Es balok laris peminat lima tahun lalu, banyak pedagang menggunakan es ini saat menyajikan aneka minuman. Es ini juga banyak digunakan nelayan untuk membekukan ikan agar tetap segar. Namun kini es balok semakin minim ditinggalkan peminatnya. Posisinya sekarang tergeser dengan keberadaan es kristal.


Es kristal selain lebih sehat dan bersih juga lebih mudah digunakan karena sudah terpotong kecil-kecil.
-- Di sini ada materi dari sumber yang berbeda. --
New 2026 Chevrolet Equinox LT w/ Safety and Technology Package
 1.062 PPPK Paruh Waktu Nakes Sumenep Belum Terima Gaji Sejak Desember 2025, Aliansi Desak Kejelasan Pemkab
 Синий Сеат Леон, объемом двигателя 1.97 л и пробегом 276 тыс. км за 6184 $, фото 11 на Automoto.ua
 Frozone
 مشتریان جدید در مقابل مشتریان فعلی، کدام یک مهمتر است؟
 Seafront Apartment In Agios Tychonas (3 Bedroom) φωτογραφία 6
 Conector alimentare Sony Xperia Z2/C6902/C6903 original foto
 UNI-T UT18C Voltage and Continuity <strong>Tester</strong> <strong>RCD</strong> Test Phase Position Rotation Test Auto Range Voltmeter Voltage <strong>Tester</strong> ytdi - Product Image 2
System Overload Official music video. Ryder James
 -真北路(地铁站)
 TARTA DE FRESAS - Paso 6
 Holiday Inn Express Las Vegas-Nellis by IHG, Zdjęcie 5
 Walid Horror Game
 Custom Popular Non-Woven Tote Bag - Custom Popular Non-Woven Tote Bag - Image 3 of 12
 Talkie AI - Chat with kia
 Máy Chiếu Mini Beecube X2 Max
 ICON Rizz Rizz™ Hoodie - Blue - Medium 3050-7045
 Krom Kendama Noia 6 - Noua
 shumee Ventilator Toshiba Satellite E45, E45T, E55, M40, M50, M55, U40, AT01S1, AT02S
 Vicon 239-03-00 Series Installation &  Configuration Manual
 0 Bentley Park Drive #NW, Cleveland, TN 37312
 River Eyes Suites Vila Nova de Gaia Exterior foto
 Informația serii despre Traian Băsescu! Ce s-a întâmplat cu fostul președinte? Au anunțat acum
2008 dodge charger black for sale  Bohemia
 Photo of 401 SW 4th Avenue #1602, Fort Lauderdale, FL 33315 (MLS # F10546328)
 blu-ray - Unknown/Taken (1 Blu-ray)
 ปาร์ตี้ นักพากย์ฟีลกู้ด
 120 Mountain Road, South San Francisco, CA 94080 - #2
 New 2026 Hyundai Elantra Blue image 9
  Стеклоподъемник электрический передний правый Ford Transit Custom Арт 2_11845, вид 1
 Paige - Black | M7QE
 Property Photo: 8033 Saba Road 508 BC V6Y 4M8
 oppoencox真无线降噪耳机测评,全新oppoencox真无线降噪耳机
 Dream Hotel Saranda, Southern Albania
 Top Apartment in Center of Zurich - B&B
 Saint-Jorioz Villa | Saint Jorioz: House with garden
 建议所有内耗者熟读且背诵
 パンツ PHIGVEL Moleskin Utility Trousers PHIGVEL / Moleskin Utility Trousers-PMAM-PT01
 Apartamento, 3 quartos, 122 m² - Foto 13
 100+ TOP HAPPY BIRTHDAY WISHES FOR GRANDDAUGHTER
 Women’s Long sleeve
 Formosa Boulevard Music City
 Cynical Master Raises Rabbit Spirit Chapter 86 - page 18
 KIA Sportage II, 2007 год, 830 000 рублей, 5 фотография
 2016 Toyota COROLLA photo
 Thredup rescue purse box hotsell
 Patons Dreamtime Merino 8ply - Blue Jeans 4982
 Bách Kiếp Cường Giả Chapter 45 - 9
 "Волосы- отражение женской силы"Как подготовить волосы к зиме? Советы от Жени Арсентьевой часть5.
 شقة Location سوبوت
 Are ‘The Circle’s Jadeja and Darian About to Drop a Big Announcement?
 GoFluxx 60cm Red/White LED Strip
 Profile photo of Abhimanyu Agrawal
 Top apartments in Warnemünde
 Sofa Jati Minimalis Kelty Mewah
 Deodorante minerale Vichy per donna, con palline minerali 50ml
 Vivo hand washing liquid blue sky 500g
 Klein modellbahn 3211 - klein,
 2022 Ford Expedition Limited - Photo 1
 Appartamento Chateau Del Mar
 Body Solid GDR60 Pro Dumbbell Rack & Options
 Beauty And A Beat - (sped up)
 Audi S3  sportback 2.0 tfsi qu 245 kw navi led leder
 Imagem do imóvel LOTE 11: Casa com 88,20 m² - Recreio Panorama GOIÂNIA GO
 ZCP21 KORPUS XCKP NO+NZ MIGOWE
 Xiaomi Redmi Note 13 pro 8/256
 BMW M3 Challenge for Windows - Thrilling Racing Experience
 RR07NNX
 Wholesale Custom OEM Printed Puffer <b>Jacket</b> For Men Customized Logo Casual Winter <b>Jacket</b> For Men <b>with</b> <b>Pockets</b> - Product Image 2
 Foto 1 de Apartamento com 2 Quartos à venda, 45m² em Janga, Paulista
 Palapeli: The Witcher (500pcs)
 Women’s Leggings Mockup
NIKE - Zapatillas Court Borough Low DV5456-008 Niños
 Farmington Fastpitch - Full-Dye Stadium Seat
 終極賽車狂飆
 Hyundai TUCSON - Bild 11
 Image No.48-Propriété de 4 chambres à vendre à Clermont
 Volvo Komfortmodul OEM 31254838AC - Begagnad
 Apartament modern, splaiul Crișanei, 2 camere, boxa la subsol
Es kristal juga tidak mengandung senyawa atau misalkan bakteri yang bisa membahayakan.


Di usianya yang tak lagi muda ini, Asmat begitu orang-orang biasa memanggil dia sedang meratapi nasibnya. Ia mempunyai angan-angan untuk berganti pekerjaan. Tetapi usia yang sudah setengah abad lebih menjadi penghalangnya.


“Zaman sudah berubah. Mobil angkot dan becak sudah kalah bersaing dengan transportasi berbasis aplikasi. Pelanggan es balok juga mulai pindah ke es kristal. Berbelanja pun sekarang juga bisa lewat telepon genggam,” ujar Asmali sambil duduk di atas becak temannya.


Orang lanjut usia seperti Asmali jumlahnya mencapai 24 juta jiwa seperti yang dikutip dari koran Kompas edisi 12 Juni 2019. Orang lanjut usia bukan tidak mau bekerja dan menunggu belas kasihan orang lain. Namun mereka tak berdaya tergilas oleh zaman.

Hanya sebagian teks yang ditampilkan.